Piobaireachd lovers will enjoy the new additions to the PP Audio Archive added today, writes the Editor. They are of the playing of the celebrated master piper John MacDonald, Inverness.
He gives us the ground and first variation of the Lament for Donald Ban MacCrimmon, and the grounds of the Wee Spree and MacCrimmon’s Sweetheart. Of the latter, I think it is fair to say that we would seldom hear the tune cut so much as MacDonald does in this recording, and I wonder if judges today would accept this way of playing the urlar.
The Wee Spree is beautifully handled with all the expert timing one would expect from the maestro. Donald Ban is superbly played too though the first strikes of the double echoes are more tightly controlled than we would perhaps hear them in the 21st century. Bear in mind that these recordings may be 100 years old.
They are all from 78rpm discs on the Columbia label and we are grateful to British Columbia piper Ed McIlwaine for passing them on. How much John MacDonald felt he had to push his tempos to get the various excerpts on to the one side of the disc we will never know. But this will have been a consideration given that they would have been done live and probably etched as he played.
One thing that does come through is the brilliance of the technique – all crisply and accurately executed and never detracting from the melody, quite the reverse. I wonder what other piobaireachd aficionados think of the playing. If we recap on what Archibald Campbell of Kilberry writes in his ‘Introduction’ in ‘Side Lights on the Kilberry Book of Ceol Mor’ (recently re-issued as a complete volume and reviewed by Andrew Wright here) we read:
‘One last word about my teachers. John Macdonald justly merits the reputation which he possesses of being a most beautiful piobaireachd player. He is universally so described by all those who know anything about the music. [John] MacDougall Gillies is nevertheless his superior, incomparably so in knowledge and also as a player in everything but mere technique. There is far more feeling and expression in Gillies’s rendering of a tune than in anything Macdonald can produce….’
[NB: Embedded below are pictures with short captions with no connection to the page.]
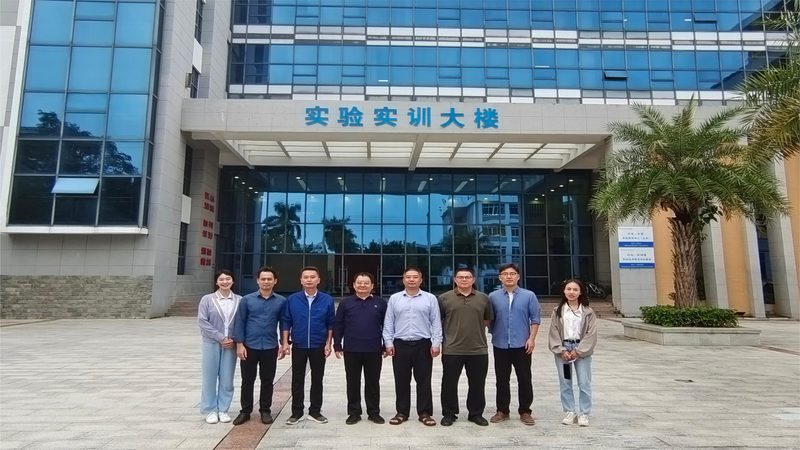 PCB布线抗干扰设计：揭秘关键标准与实战技巧
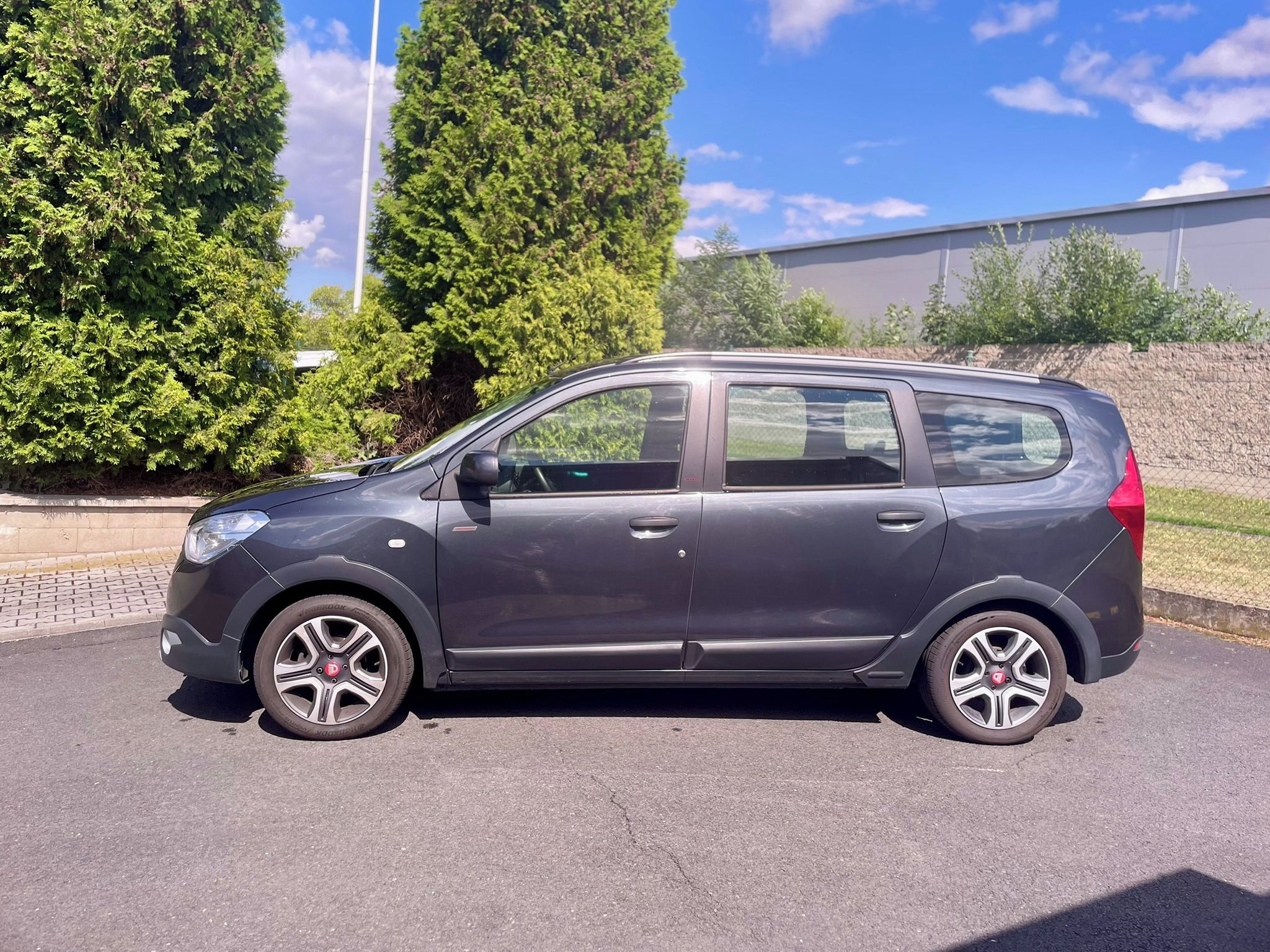 Dacia Lodgy, Stepway 1.6 SCe 75kw - fotka 2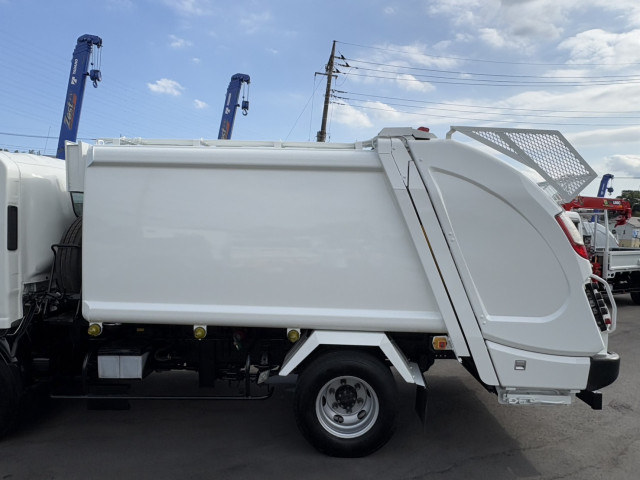 いすゞ エルフ 小型 塵芥車（プレス式） 2RG-NPR88YN(91641) 7枚目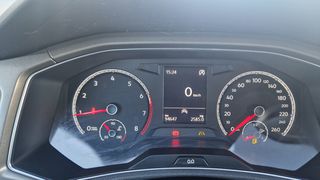 Volkswagen T-Roc 2021 1.0 TSI 115PS ADVANCE-thumb-4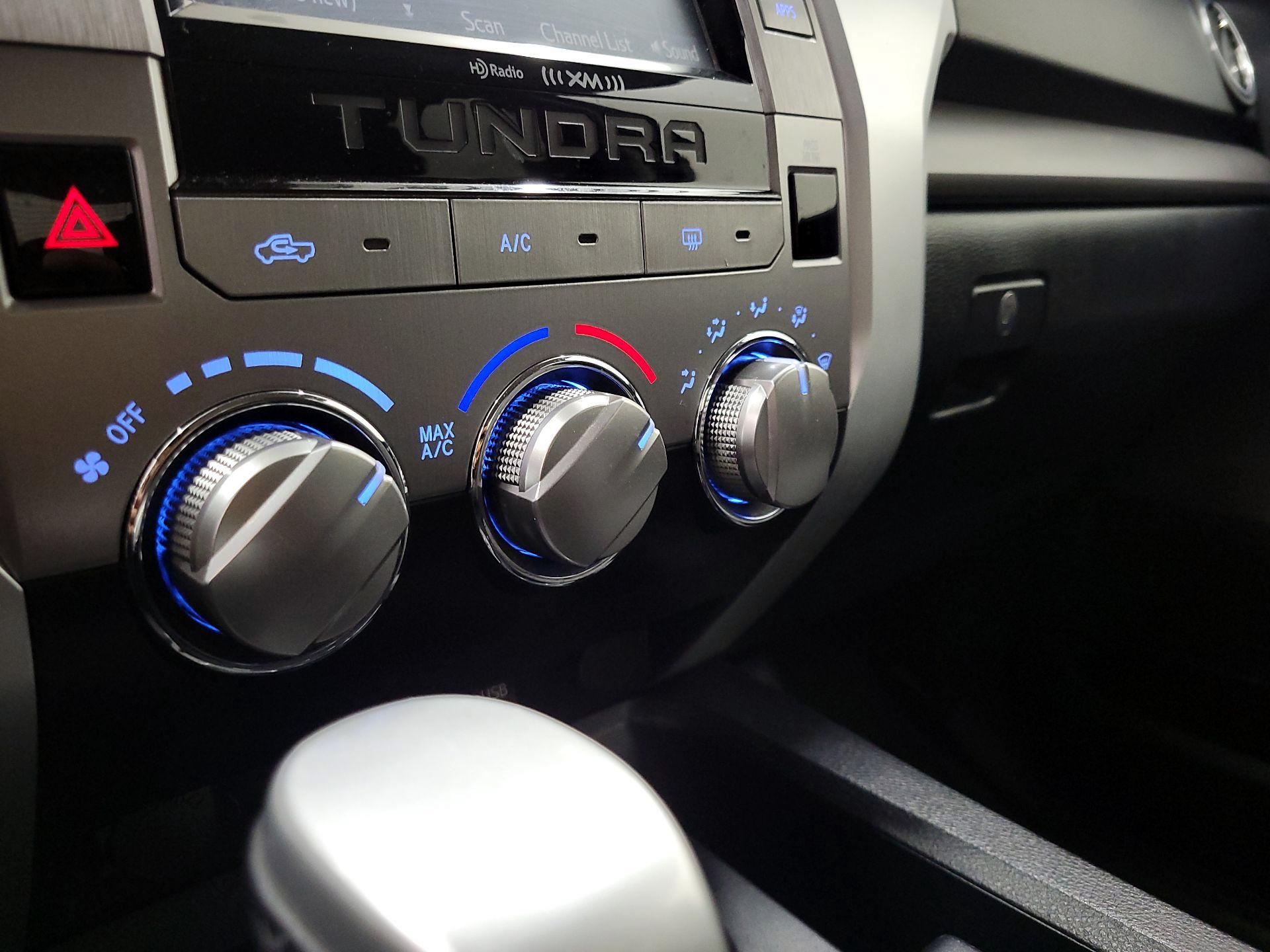 Thumbnail: 2018 Toyota Tundra - 16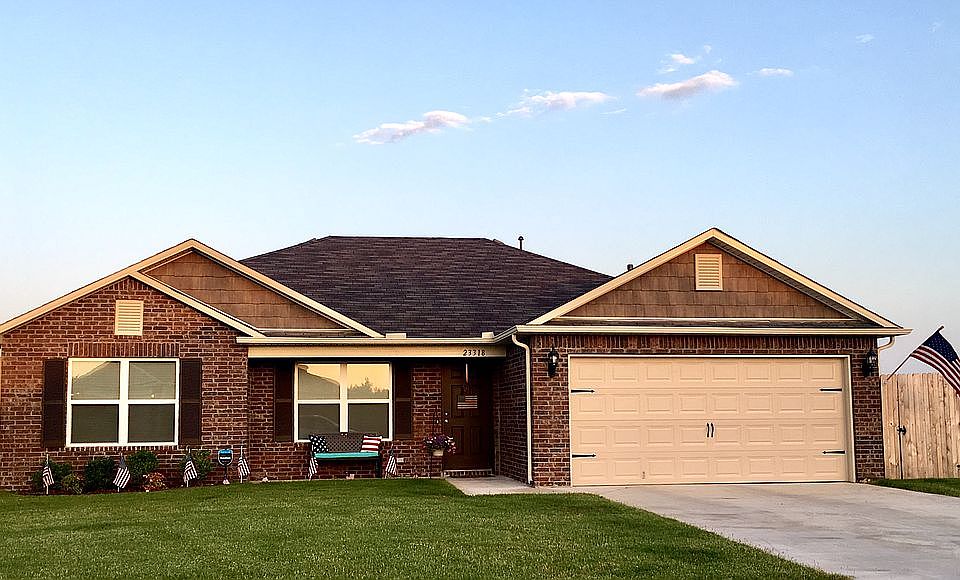 2nd image of 23318 Bessie Blvd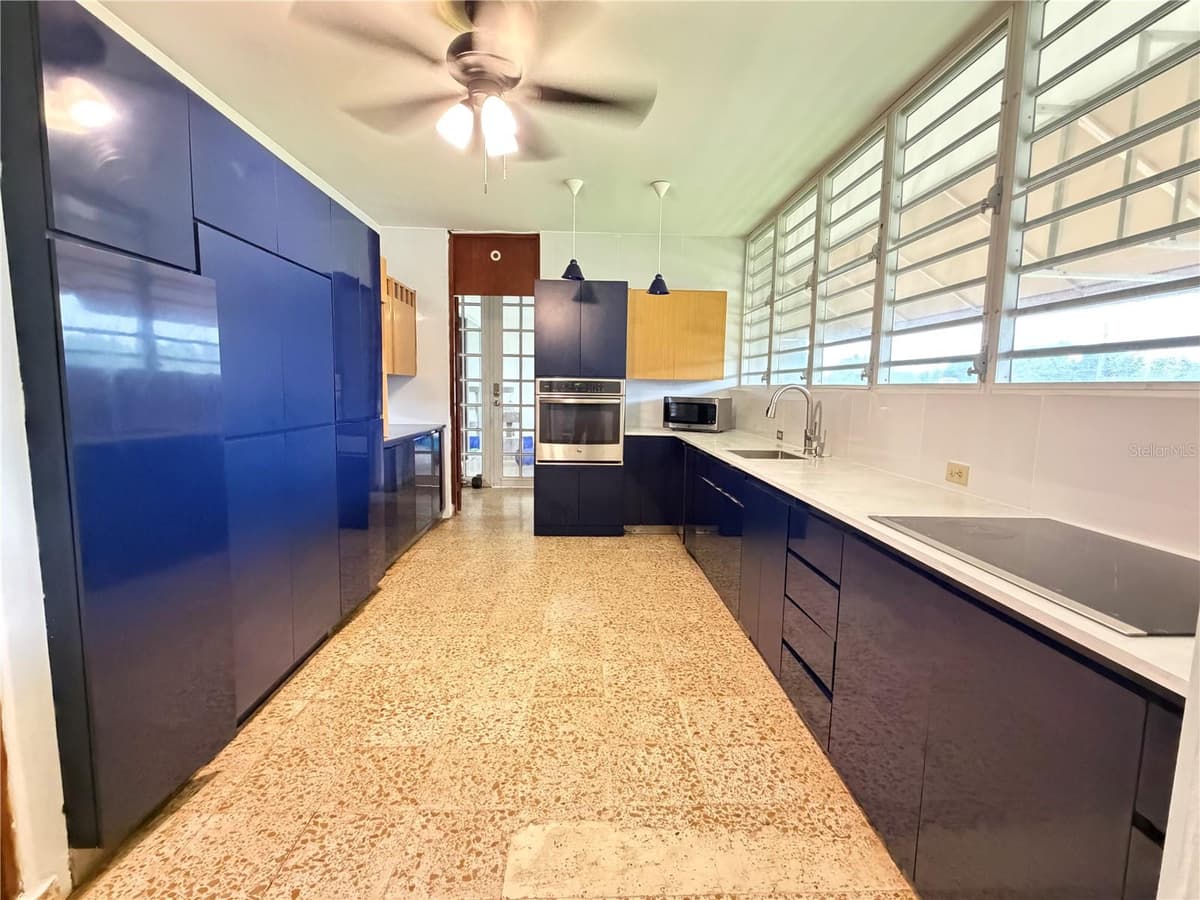 Lot 119 VILLA SONSIRE — photo 2 of 26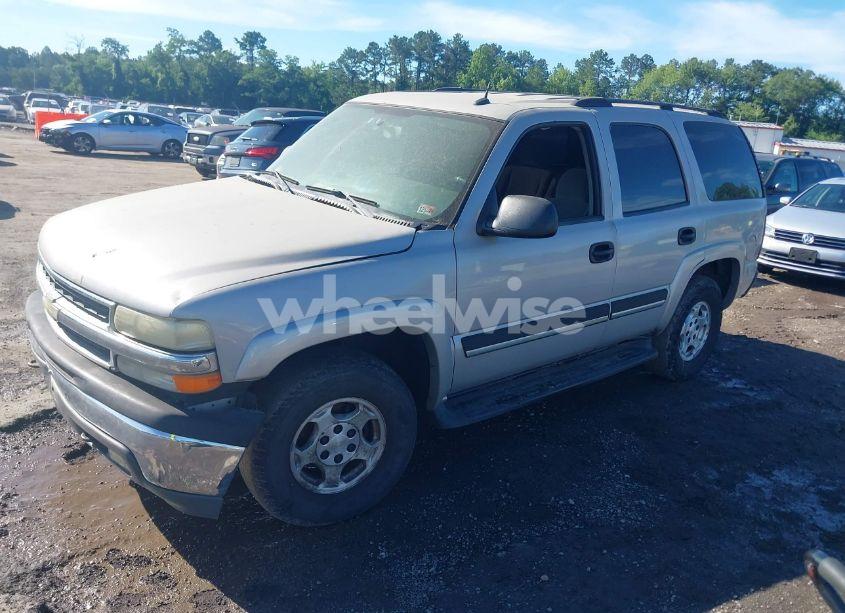 Photo 2 of 2005 Chevrolet Tahoe LS (VIN 1GNEK13V25J174805)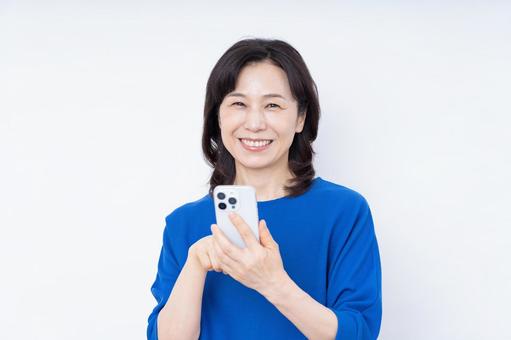 スマホを使うミドルの女性 スマホを使うミドルの女性 スマホ,女性,ミドルの写真素材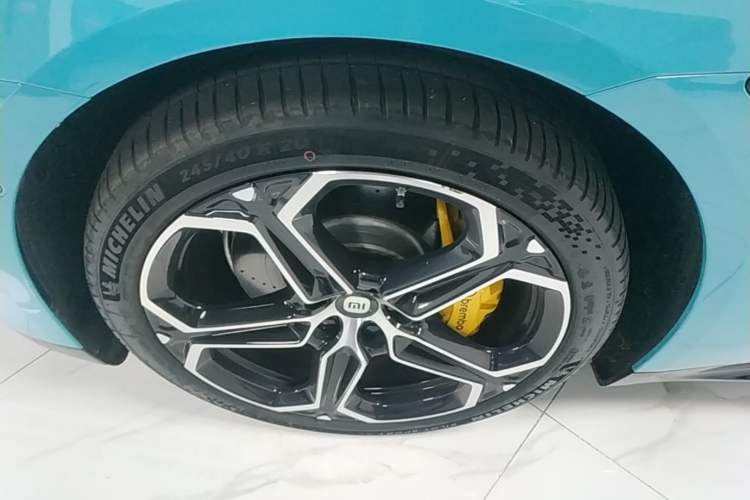Used Xiaomi Auto SU7 2024 Rear-Drive Long-Range Intelligent Driving Version Left Front Wheel Hub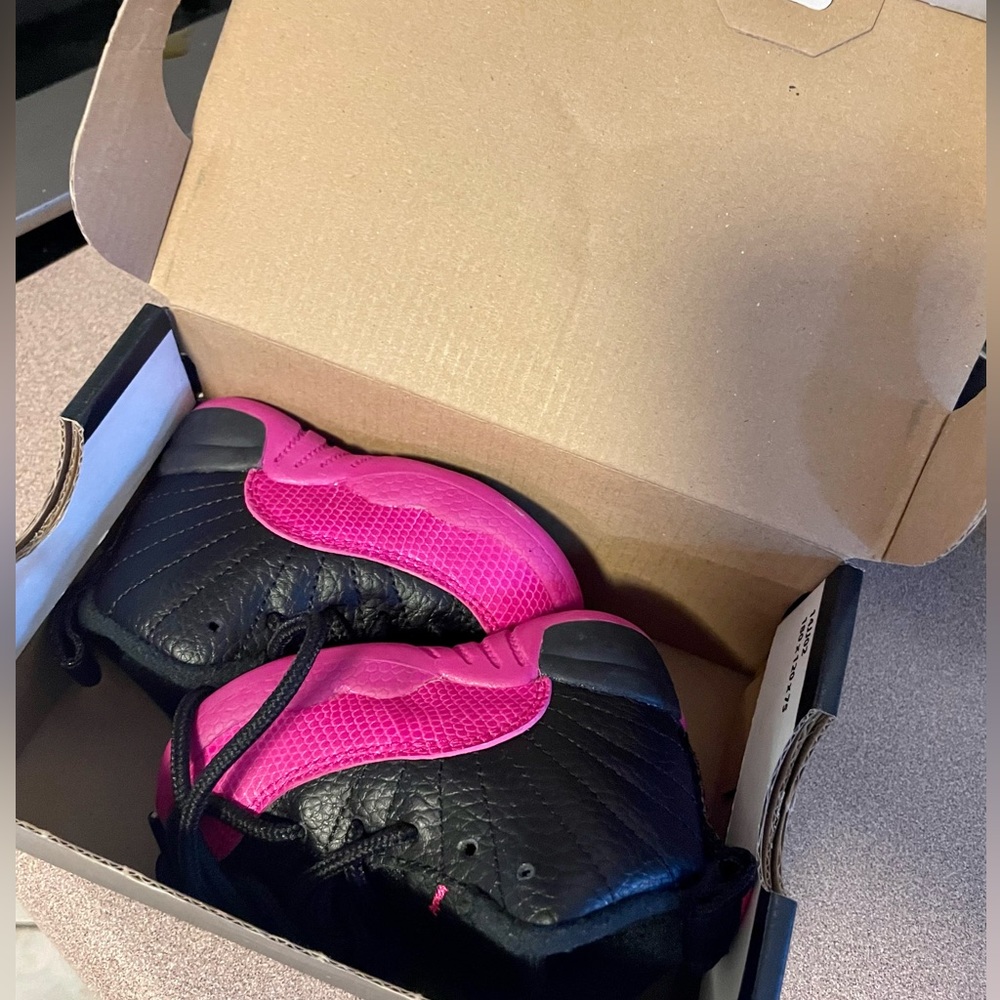 💯Authentic, Toddler Girls Jordans 12 Retro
Listening to ‘the Sweetheart’ I would say Campbell has a point; but on the other hand I do not think John MacDonald’s Little Spree, as regards plangent emotion, could be bettered. It is one of our saddest tunes no question, and in my opinion he handles it beautifully. Others will have their own opinions. Going back to MacCrimmon’s Sweetheart, isn’t it strange – or perhaps not – that the playing of this tune is so different from that espoused by MacDonald’s greatest pupils RB Nicol and RU Brown – at least on the evidence of the Masters of Piobaireachd CDs?
Then again is it really so surprising that the pupil diverges from the master’s word – ‘get the shape and do your own thing with it’ may have been their approach to what MacDonald showed them. Or maybe MacDonald played the tune differently at different times; maybe when teaching he was a lot less severe with the short notes. All fascinating stuff.
Read more about John MacDonald here. You can access the new recordings and our complete library of music here. They are brought to you free of charge thanks to your support for our advertisers and the Piping Press Shop. In addition to the Masters of Piobaireachd CDs, there is much more on the teaching of John MacDonald and the Bobs of Balmoral in Jimmy McIntosh’s seminal work ‘Ceol Mor – Piobaireachd in the Balmoral Tradition’ available here.
“Going back to MacCrimmon’s Sweetheart, isn’t it strange – or perhaps not – that the playing of this tune is so different from that espoused by MacDonald’s greatest pupils RB Nicol and RU Brown” – now multiply this through time, across regions and among many more Gaelic players, and you will understand how so much more variation existed prior to 20th century.
And how tenuous any claim to orthodox interpretation has and can ever be.
Maybe “what judges would think today” is best considered as a question: why DO judges think the way they do today? Critical self reflection and an approach less close-minded and opinionated than Campbell’s may be a better option. A recognition that music was and is fluid, and the genius of idiosyncratic interpretation is more important to keeping it alive than any effort at making it sound the “same” as one was (supposedly) taught.